Jai: Bagaimana dengan orang yang memuja lambang Tuhan
setiap hari? Apakah mereka juga bisa menyatu dengan Tuhan?
Nenek: Ya, orang yang memuja lambang Tuhan dengan tulus akan menerima apapun yang
dia inginkan. (Gita 4.11-12). Kebanyakan orang Hindu memuja Tuhan dengan bentuk
yang disukainya untuk memenuhi keinginannya. Cara ini disebut jalan doa dan
pemujaan. Ada sebuah cerita dalam kisah Mahābhārata tentang seorang KarmaYogi
yang sangat berbakti dan merupakan murid ideal yang memuja gurunya untuk
memperoleh yang diinginkannya.
4. Ekalavya,
murid yang ideal
Guru Dronāchārya (atau Drona) adalah pengajar ilmu perang yang dipilih
Kakek Bhishma untuk mengajar semua Kaurava dan Pāndava bersaudara. Beberapa
pangeran lain juga belajar padanya. Drona sangat puas dengan pengabdian Arjuna
dan dia berjanji pada Arjuna: "Aku akan mengajarmu agar menjadi pemanah
terbaik di dunia".
Suatu hari seorang anak remaja bernama Ekalavya dari desa dekat Ashram
datang kepada Guru Drona ingin belajar keahlian memanah. Dia mendengar dari
ibunya tentang pemanah terbaik Dronāchārya, putra dari Rsi Bhāradvāja dan murid
Rsi Parashurāma.
Ekalavya adalah seorang anak yang kesehariannya di hutan, berasal dari
keluarga pemburu. Pada waktu itu, bahkan pada jaman ini, keluarga pemburu
dianggap sebagai masyarakat rendah.
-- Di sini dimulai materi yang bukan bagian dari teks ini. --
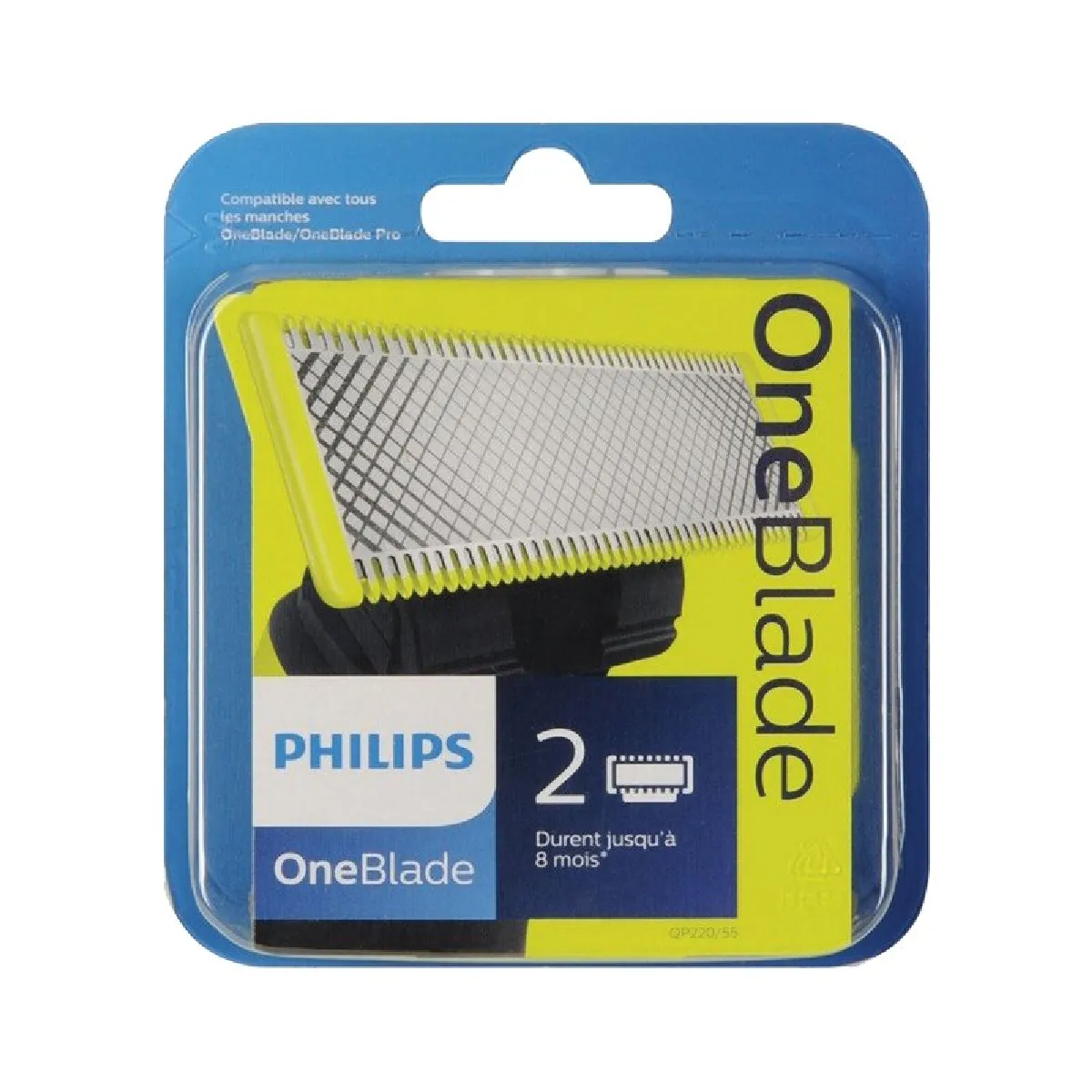 Philips lames de rasoir OneBlade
Drona bingung bagaimana caranya mengajar
pemuda dari keluarga pemburu dengan para putra mahkota. Jadi beliau memutuskan
untuk tidak mengajarkan ilmu memanah pada anak ini, seraya berkata: "Nak,
akan sangat sulit bagiku untuk mengajarmu. Engkau terlahir dengan keahlian
pemanah. Kembalilah ke hutan dan berlatihlah dengan kemauan yang dalam. Engkau
juga muridku. Semoga engkau menguasai ilmu memanah sesuai dengan
keinginanmu."
Kata-kata Drona merupakan anugrah bagi Ekalavya. Dia mengerti keadaan
dirinya dan yakin doa sang guru menyertainya. Dia membuat patung Dronāchārya
dari tanah liat, menaruhnya di tempat terbaik di pondoknya, dan mulai memuja
patung tersebut dengan hormat, dengan mempersembahkan bunga dan buah. Dia
memuja patung gurunya setiap hari, berlatih memanah dan akhirnya menguasai ilmu
memanah dengan sangat baik.
Ekalavya bangun pagi hari setiap hari, mandi dan melakukan pemujaan. Dia
selalu mengenang kata-kata, tindakan dan ilmu Guru Drona yang dilihatnya di
Ashram sang Guru. Dia dengan sangat yakin mengikuti perintah sang guru dan
terus berlatih.
Sementara Arjuna secara langsung menguasai ilmu memanah dari Drona,
Ekalavya mencapai tingkat keahlian yang sama dari jarak jauh. Kalau dia tidak
mengerti salah satu tehnik memanah, dia akan segera mengahadap ke patung Drona,
mengatakan masalahnya, dan menunggu dalam meditasinya sampai pertanyaannya
terjawab. Kemudian dia melanjutkan latihannya.
Cerita Ekalavya membuktikan bahwa seseorang bisa mencapai apapun dalam
hidup jika yakin dan bekerja keras mencapainya. Selanjutnya, diceritakan
tentang pangeran Kaurava dan Pāndava pada suatu hari berburu di hutan.
Ekalavya, seorang pemuda dengan kulit hitam, menggunakan baju dari kulit
harimau dan kalung kulit kerang, sedang berlatih memanah dengan serius. Anjing
pemburu yang menyertai para putra mahkota menggonggongnya. Mungkin dengan maksud
memperlihatkan keahliannya, Ekalavya melepaskan tujuh anak panahnya ke rahang
anjing yang sedang menggonggong dan semua anak panah tersebut menancap di mulut
anjing itu. Anjing itu lari menuju tuannya.
Para putra mahkota sangat terkejut melihat keahlian orang yang memanah
anjing itu. Mereka ingin tahu siapa pemanah tersebut.
Melihat hal ini, Arjuna, tidak hanya terkejut tapi juga khawatir. Dia ingin
dikenal sebagai pemanah terbaik di seluruh dunia.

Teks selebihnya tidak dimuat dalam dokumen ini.